DESCRIPTION OF THE TASK
The result should be an exact copy of only the lines from the one holding "Ariana Grande Travel" through the last line of the data below, please, without pictures.

RECORDS
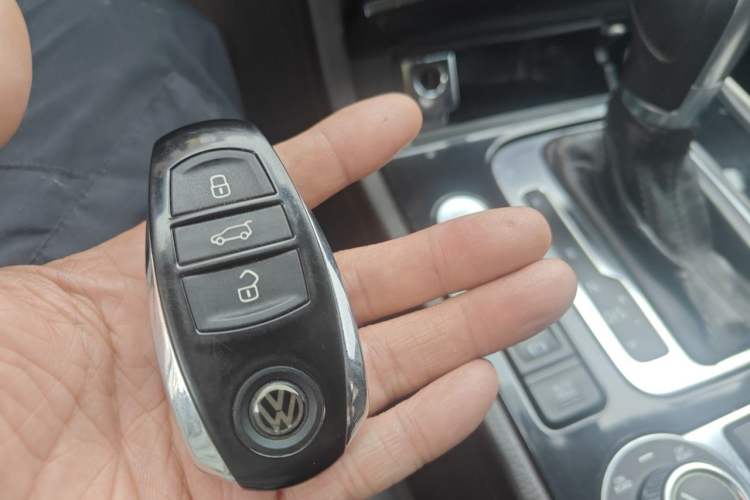 Used Volkswagen Touareg 2017 3.0 TSI Touareg Edition Vehicle Key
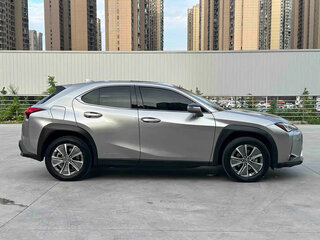 2022 Lexus UX 300e I, серебристый, 2780000 рублей, вид 4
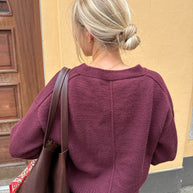 Petiteknit Scarlet cardigan beskrivning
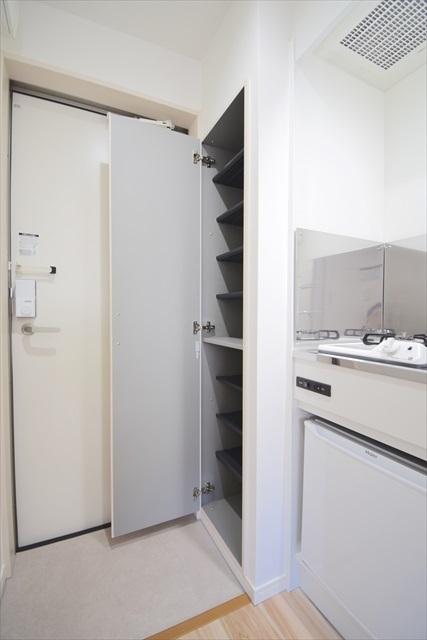 プレジール日吉 玄関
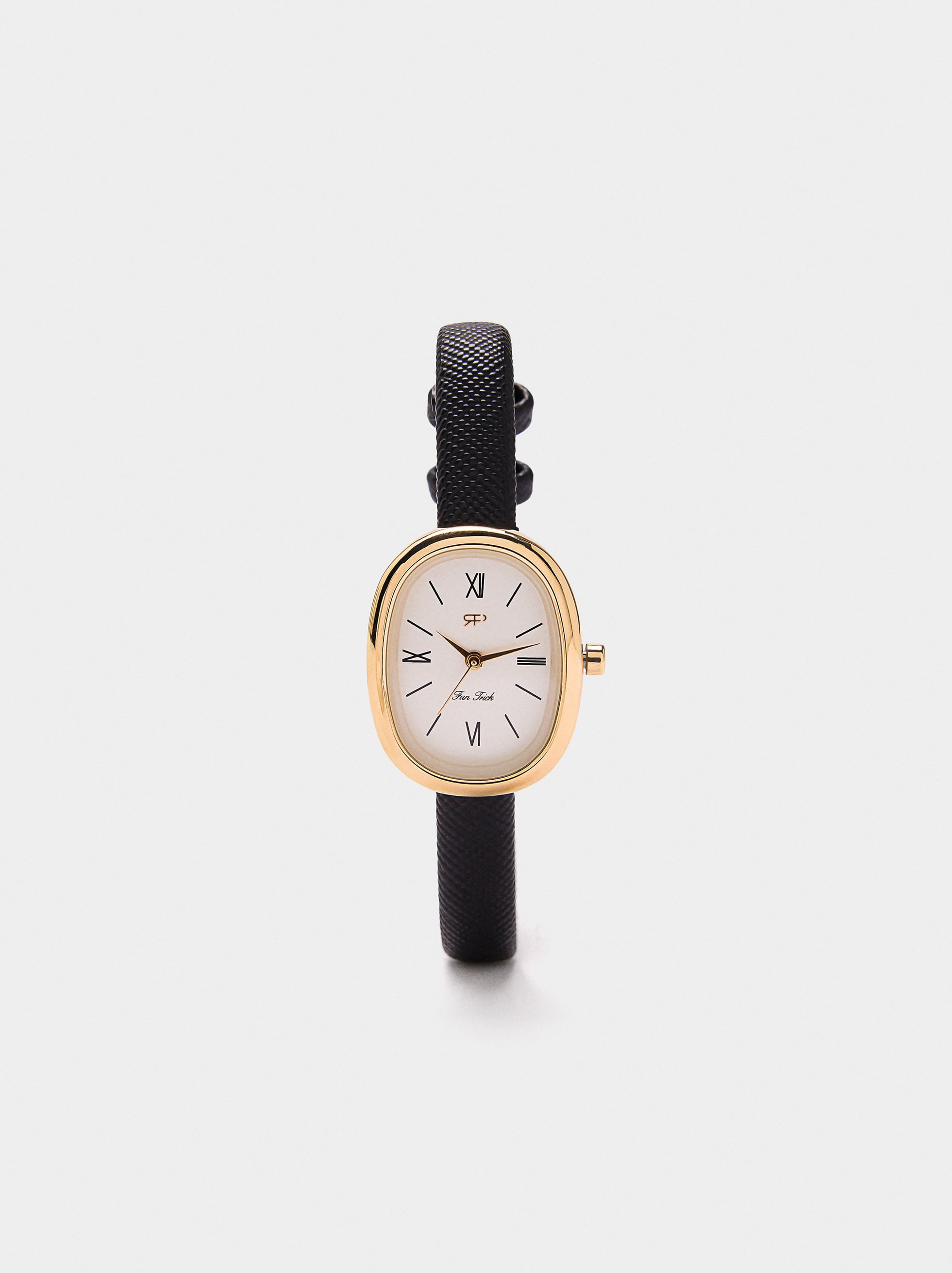 Reloj Ovalado Correa Con Textura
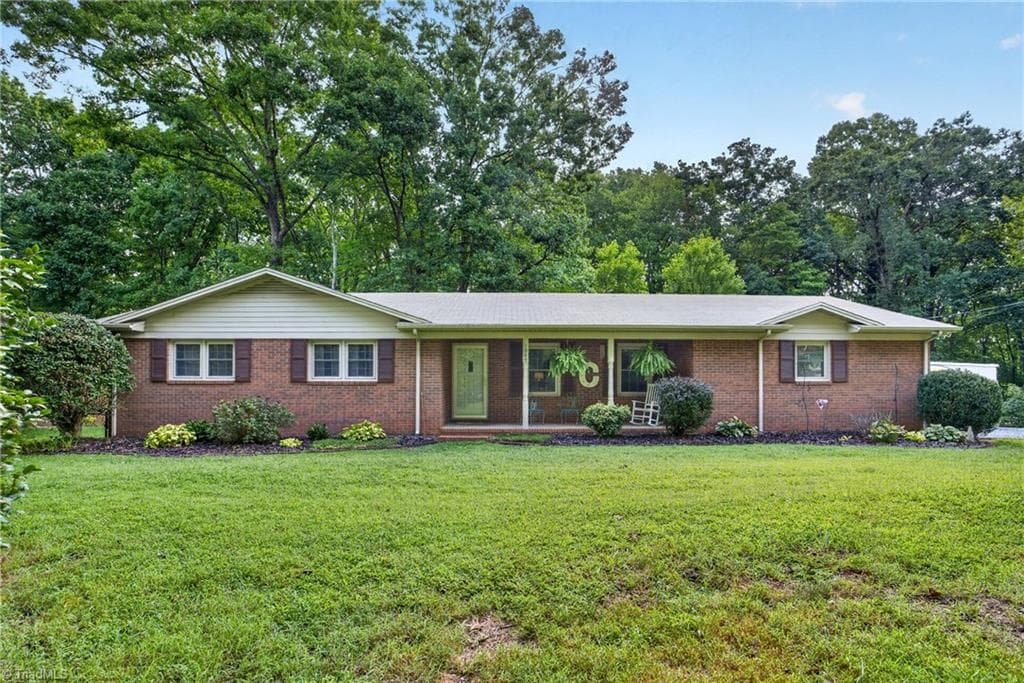 1949 Brook Drive, Asheboro NC 27205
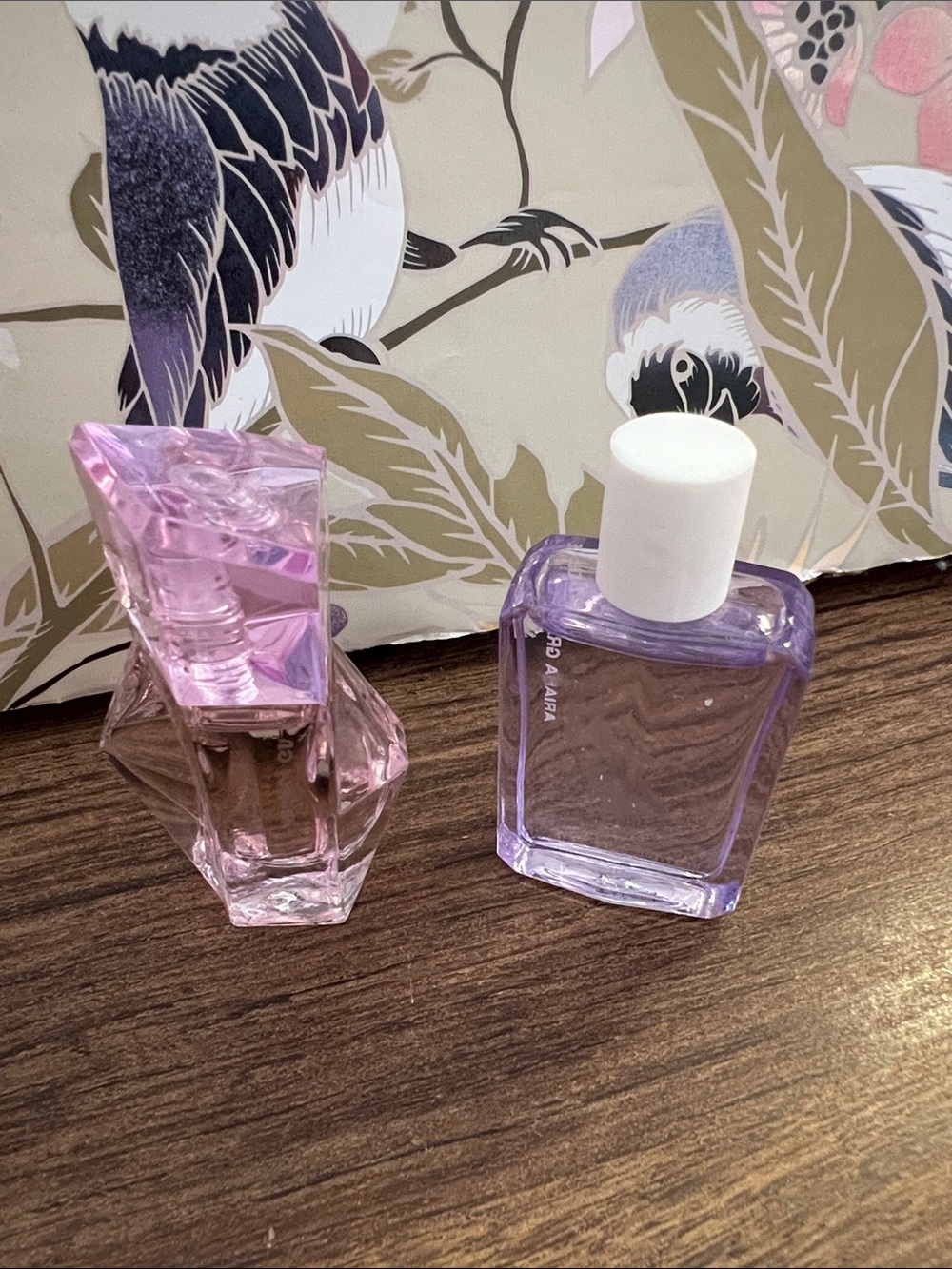 Ariana Grande Travel Dabber Perfume Set of 2 REM & God is A Woman - Picture 2 of 3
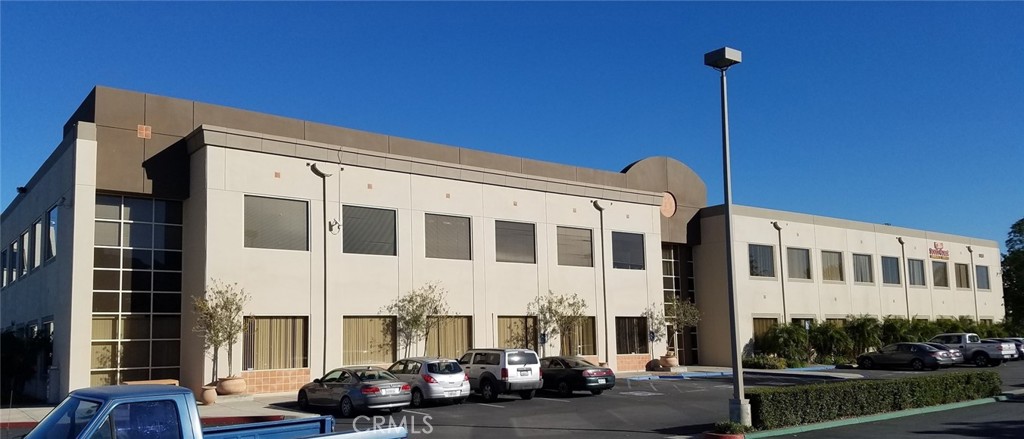 Excellent Class A building elevator serviced. Offering great move in incentives. This great office space comes with 4 privated offices with large windows that led in a lot of natural lighting. Large Reception area, Large Conference room all with laminate flooring. This space is ready for our next tenant.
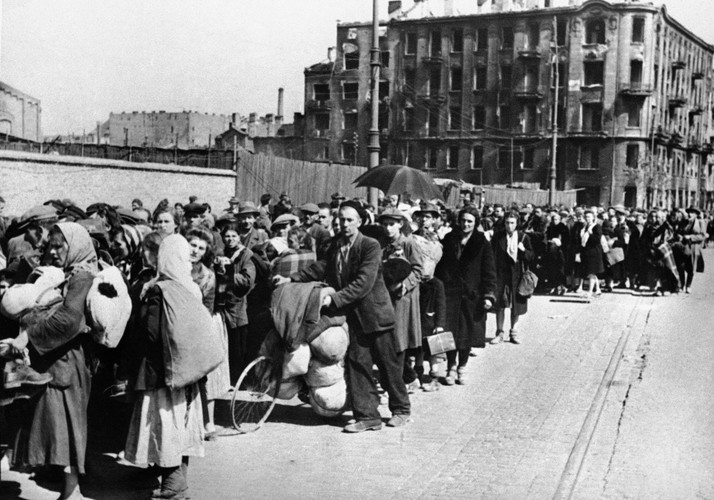 Powstanie Warszawskie na archiwalnej fotografii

EXERCISE RESULT
 Ariana Grande Travel Dabber Perfume Set of 2 REM & God is A Woman - Picture 2 of 3
 Excellent Class A building elevator serviced. Offering great move in incentives. This great office space comes with 4 privated offices with large windows that led in a lot of natural lighting. Large Reception area, Large Conference room all with laminate flooring. This space is ready for our next tenant.
 Powstanie Warszawskie na archiwalnej fotografii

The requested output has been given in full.